Upper bound of multiplicity in Cohen-Macaulay rings of prime characteristic
Duong Thi Huong, Pham Hung Quy
TL;DR
This work bounds the multiplicity of a Cohen–Macaulay local ring of prime characteristic in terms of the Frobenius test exponent, dimension, embedding dimension, and type. Using tight closure theory, Briançon–Skoda, and Frobenius actions on local cohomology, it derives explicit parity-based inequalities with $Q=p^{\mathrm{Fte}(R)}$ that extend Huneke–Watanabe bounds from the Gorenstein case to all Cohen–Macaulay rings; an $F$-nilpotent refinement is provided.
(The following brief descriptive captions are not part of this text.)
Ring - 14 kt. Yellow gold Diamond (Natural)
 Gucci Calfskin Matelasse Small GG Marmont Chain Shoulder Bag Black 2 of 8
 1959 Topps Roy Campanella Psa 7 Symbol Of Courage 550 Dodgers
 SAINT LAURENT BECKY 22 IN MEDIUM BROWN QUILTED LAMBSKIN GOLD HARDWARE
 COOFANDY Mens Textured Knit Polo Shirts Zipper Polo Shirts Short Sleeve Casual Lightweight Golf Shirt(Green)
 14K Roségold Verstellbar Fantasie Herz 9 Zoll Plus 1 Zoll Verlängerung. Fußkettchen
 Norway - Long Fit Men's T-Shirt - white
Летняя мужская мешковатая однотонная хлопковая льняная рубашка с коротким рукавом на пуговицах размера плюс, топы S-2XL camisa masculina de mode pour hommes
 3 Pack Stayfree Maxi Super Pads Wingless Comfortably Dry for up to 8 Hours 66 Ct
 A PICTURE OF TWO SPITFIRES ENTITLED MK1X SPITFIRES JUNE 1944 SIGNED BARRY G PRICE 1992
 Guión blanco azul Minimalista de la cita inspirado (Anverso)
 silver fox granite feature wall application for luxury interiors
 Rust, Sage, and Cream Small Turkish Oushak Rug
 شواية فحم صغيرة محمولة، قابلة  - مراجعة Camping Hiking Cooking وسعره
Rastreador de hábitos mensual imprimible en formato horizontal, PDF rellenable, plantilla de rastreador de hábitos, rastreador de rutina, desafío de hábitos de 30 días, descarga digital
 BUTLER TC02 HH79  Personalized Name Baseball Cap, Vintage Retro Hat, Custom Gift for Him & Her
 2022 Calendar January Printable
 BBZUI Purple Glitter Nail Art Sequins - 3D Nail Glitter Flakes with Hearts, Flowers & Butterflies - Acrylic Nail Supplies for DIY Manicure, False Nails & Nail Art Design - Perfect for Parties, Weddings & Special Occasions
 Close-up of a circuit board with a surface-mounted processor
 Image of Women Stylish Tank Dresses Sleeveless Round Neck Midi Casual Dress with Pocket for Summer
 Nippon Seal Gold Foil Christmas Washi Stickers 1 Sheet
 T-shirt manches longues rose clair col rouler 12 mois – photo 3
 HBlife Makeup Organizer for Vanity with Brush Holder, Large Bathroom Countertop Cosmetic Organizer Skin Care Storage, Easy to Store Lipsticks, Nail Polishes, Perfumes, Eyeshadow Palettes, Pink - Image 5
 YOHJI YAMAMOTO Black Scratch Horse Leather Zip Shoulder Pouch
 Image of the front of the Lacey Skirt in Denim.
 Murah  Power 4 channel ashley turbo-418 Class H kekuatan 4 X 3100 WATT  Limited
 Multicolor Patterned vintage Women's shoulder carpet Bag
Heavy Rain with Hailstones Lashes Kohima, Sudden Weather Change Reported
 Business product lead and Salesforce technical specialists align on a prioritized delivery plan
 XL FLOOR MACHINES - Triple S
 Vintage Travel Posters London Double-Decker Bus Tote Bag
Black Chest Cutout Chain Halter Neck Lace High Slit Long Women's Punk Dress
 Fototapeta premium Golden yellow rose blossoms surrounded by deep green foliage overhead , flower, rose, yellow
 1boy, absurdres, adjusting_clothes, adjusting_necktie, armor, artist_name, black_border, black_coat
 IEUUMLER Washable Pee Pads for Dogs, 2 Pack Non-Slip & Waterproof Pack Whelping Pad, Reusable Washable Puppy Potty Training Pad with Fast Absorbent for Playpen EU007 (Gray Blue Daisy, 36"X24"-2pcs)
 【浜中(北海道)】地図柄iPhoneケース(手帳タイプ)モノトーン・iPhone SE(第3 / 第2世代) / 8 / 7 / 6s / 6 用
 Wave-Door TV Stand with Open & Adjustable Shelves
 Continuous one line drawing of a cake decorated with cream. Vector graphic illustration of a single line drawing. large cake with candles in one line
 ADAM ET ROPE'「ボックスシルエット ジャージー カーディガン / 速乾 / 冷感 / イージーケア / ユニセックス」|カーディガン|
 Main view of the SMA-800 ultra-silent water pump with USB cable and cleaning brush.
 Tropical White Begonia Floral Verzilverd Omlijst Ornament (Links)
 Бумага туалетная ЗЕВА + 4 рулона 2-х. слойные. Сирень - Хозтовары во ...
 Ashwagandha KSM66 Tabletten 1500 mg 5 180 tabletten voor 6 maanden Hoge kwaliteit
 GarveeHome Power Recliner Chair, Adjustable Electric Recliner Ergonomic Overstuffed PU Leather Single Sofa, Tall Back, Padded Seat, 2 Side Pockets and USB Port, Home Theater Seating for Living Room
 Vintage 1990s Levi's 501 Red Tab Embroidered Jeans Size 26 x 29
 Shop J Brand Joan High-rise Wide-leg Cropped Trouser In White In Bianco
The results connect $\mathrm{Fte}(R)$ with $\mathrm{HSL}(R)$ and show how $F$-singularities constrain $e(R)$, offering sharper control over Hilbert–Samuel multiplicities in positive characteristic. The formulas specialize to the known bounds when $R$ is Gorenstein and align with prior results for $F$-pure and $F$-rational rings, contributing to a broader understanding of singularities via Frobenius invariants.
Abstract
Let $(R, \frak m)$ be a local ring of prime characteristic $p$ and of dimension $d$ with the embedding dimension $v$, type $s$ and the Frobenius test exponent for parameter ideals $\mathrm{Fte}(R)$. We will give an upper bound for the multiplicity of Cohen-Macaulay rings in prime characteristic in terms of $\mathrm{Fte}(R),d,v$ and $s$. Our result extends the main results for Gorenstein rings due to Huneke and Watanabe.